Il vastissimo spettro di ecosistemi digitali sta però rendendo sempre più difficile la collaborazione tra gli strumenti stessi, creando così dei colli di bottiglia che rendono i processi più lenti e inefficaci. Non basta più, infatti, che gli individui siano in grado di cooperare tra di loro ma è necessario anche che essi collaborino con sistemi tecnologici e che gli stessi sistemi tecnologici collaborino tra di loro.
IBM e Cisco hanno avviato una collaborazione che, grazie ai potenti mezzi di intelligenza artificiale dell’azienda di Armonk, ridefiniranno, nelle parole di Jens Meggers, il lavoro quotidiano grazie all’”Intelligent Collaboration”. Piattaforme collaborative digitali di diversa natura saranno in grado di dialogare tra loro supportate da Watson che agevolerà il flusso di lavoro, prendendosi cura delle task ripetitive. Perchè, che si tratti di codice o che si tratti di relazioni umane, avere un linguaggio comune è un requisito fondamentale per collaborare.

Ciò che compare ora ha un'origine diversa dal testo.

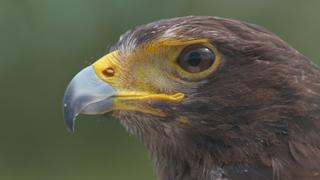 Sky Hunters Sky Hunters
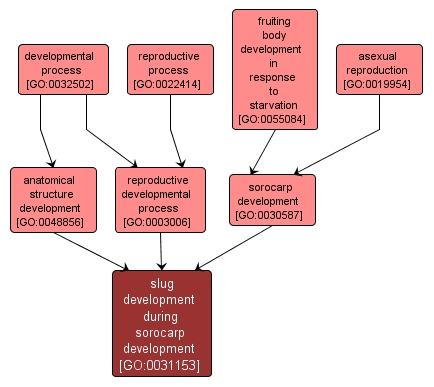 GO:0031153 - slug development during sorocarp development (interactive image map)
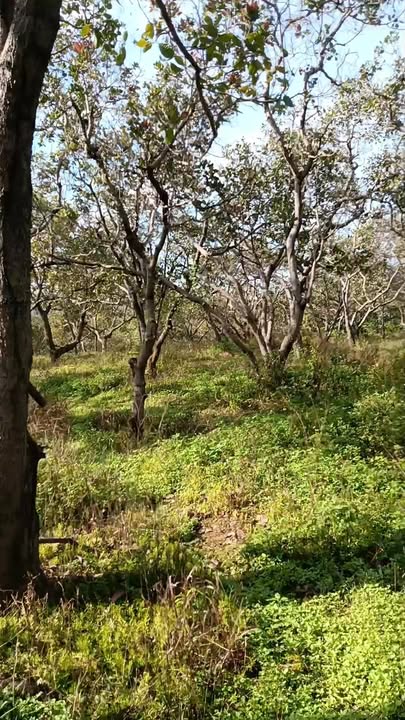 Đất thổ cư Bù Đăng 2.32ha giá 2.4 tỷ - Không dính quy hoạch bô xít!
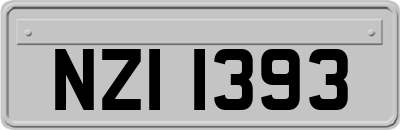 NZI1393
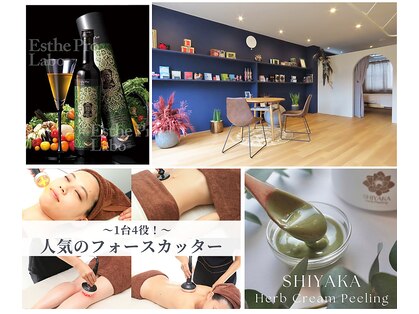 ルーシー(Lucy)の写真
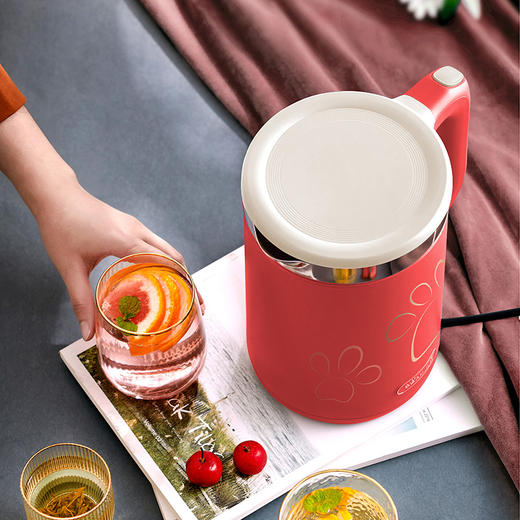 小熊电器 ZDH-Q15A9 电热水壶1.5L  大功率 商品图0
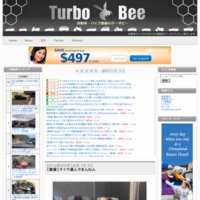 Turbo Bee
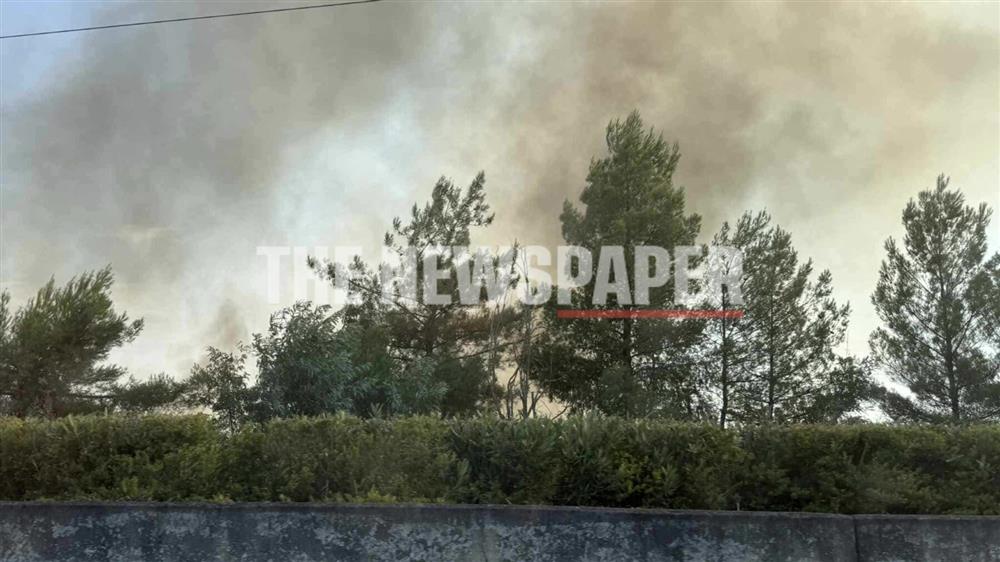 Βόλος - διόδια - φωτιά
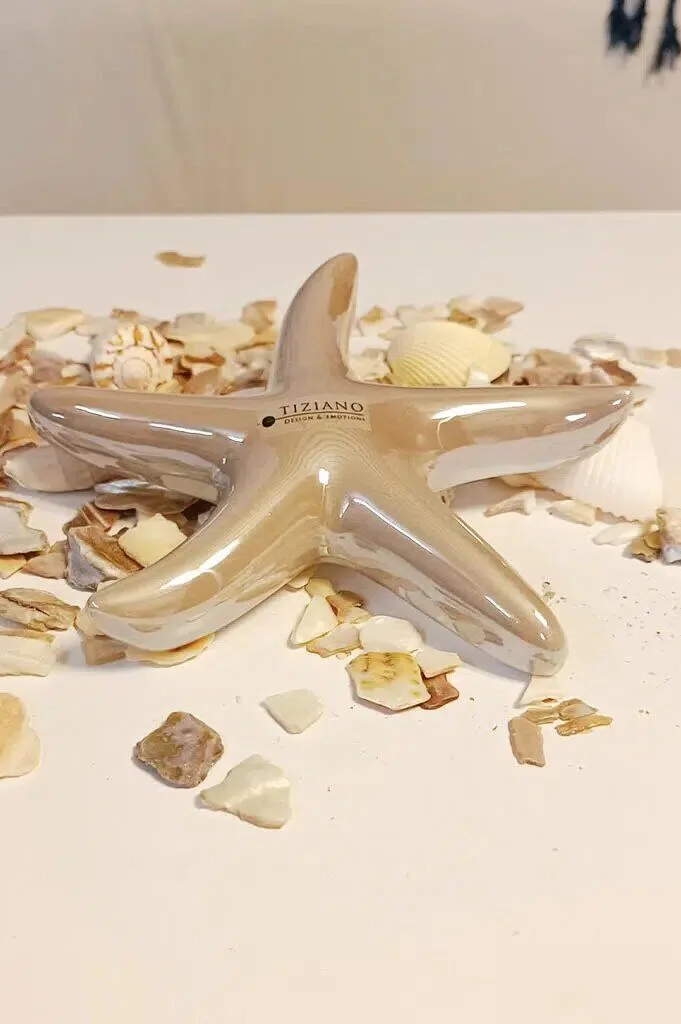 seestern-mirana-glatt-sand-gross Seestern Mirana 8cm sand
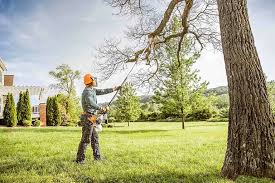 Professional Tree Removal in St James, MN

Il panorama lavorativo sta quindi cambiando e lo vediamo anche da altri indicatori: Microsoft, per esempio, ha acquistato LinkedIn, rafforzando l’idea che hardware e software non sono abbastanza, il futuro è nel network, come abbiamo anche visto su Making Weconomy #8. Il World Economic Forum, inoltre, ha di recente pubblicato un articolo scritto da Daron Acemoglu, professore di Economia Applicata presso l’MIT, che descrive come le professioni potrebbero essere rivoluzionate dall’avvento di tecnologie basate su un’avanzata AI. Un dato, in questo senso, che però può in qualche modo spaventare è quello proposto da una ricerca della City and Guilds Group che mostrerebbe come la maggior parte dei lavoratori non riesca a vedere come il futuro potrebbe portare disruption; basata su un sondaggio proposto a 8000 lavoratori del Regno Unito, Stati Uniti, Sud Africa e India, la ricerca evidenzia come la maggior parte degli intervistati pensi che le loro skills e i loro impieghi rimarranno rilevanti nei prossimi 10 anni e non saranno influenzati dall’avvento delle macchine.
Percezioni ottimiste ma che sembrano non tener in alcun modo conto di quanto velocemente stia cambiando il futuro.